We’ve got a matrix P. In Matlab, this means a 2D array of numbers. It has widthP columns and the number of rows doesn’t matter. We need a second matrix M that contains each column of the first matrix, P, repeated an arbitrary number of times. A vector reps, containing widthP entries, tells you how many times any given column of P is replicated.

E.g. If P = [42 -1 101] and reps = [4 2 3], we want M = [42 42 42 42 -1 -1 101 101 101], assuming I typed that correctly.

We had a working implementation that profiling revealed to be a bottleneck.

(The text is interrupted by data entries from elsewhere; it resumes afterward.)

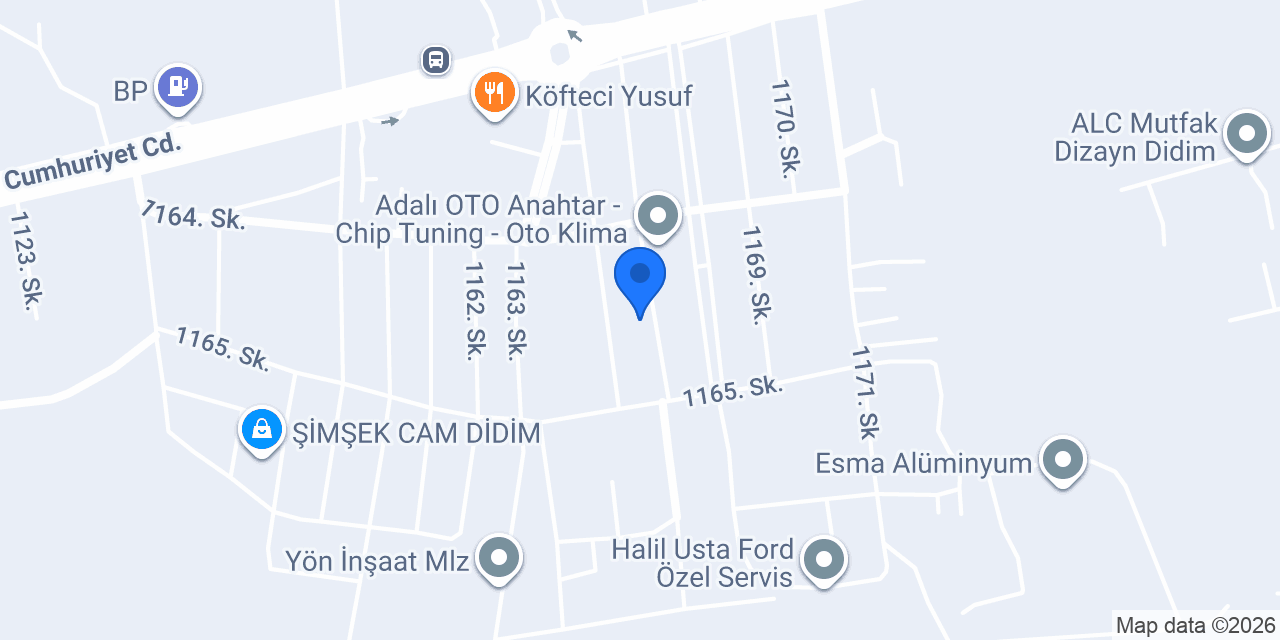 Özgür Cam Ürünleri konumu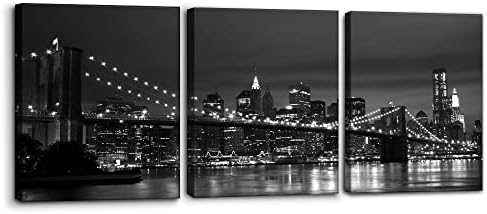 Pacimo New York Brooklyn Bridge Canvas Wall Art 3 Panels Night View Modern by Pacimo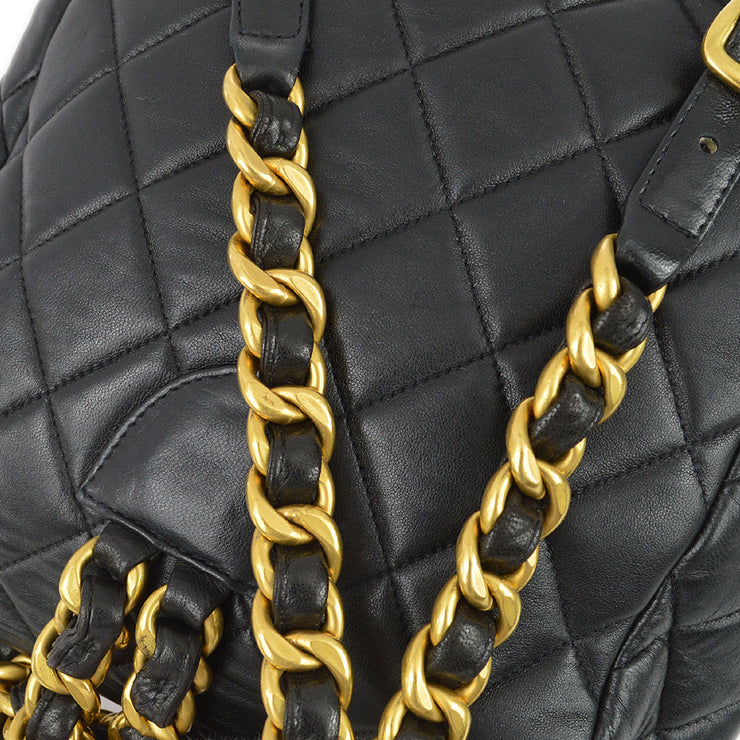 Chanel 1996-1997 Black Lambskin Large Duma Backpack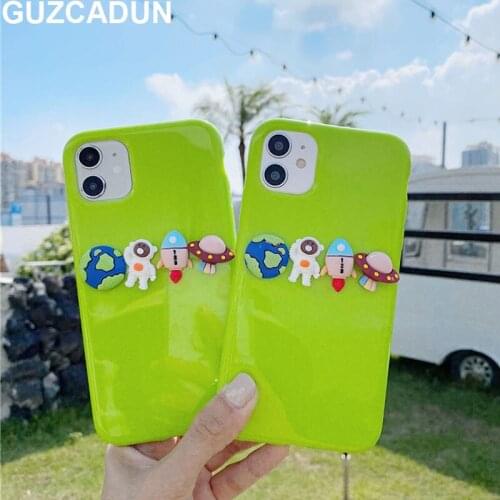 Cute 3D Spacemen Rocket Jelly TPU Phone Cases for Iphone 12 11 Pro Max 7 8 Plus Xr Xs Max X Soft Silicon Cover Coque Fudnas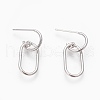 Brass Dangle Stud Earrings EJEW-F194-01P-NF-2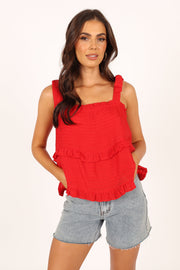 Petal and Pup USA TOPS Avery Tiered Top - Red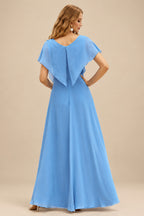 Rutipo Sky Blue Sheath Floral Beaded Tulle Mini Homecoming Dress with Spaghetti Straps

Here’s how we went about optimizing this.

First attempt

Create a standalone script which sets up some random data, and a correct implementation. (The one here is actually simpler than the technique we started out with.)

P = [42 -1 101];
reps = [2 1 5];

widthP = length(reps);
M = [];
for colIdx = 1 : length(reps)
  M = [M repmat(P(:, colIdx), 1, reps(colIdx))];

(As (unwilling) professional Matlab writers, we wouldn’t have written this to start out with since, (i) for loops are still best avoided in Matlab (“Instead of writing loop-based code, consider using MATLAB matrix and vector operations” (Mathworks)), and (ii) re-allocating storage every iteration will be slow in any system.

Some more fancy

Find ways to do the same thing faster. Here’s the approach we actually started out with:

c = arrayfun(@(n, i) i*ones(n,1), reps, 1:widthP, 'un', 0);
i = cell2mat(c(:));
M2 = P(:, i);
assert(all(M2(:) == M(:)))

arrayfun (docs) is a lame map: taking a function handle (viz., @(n, i) i*ones(n,1)) and any number of arrays, and returning a cell array—which are Matlab’s arbitrary-type arrays.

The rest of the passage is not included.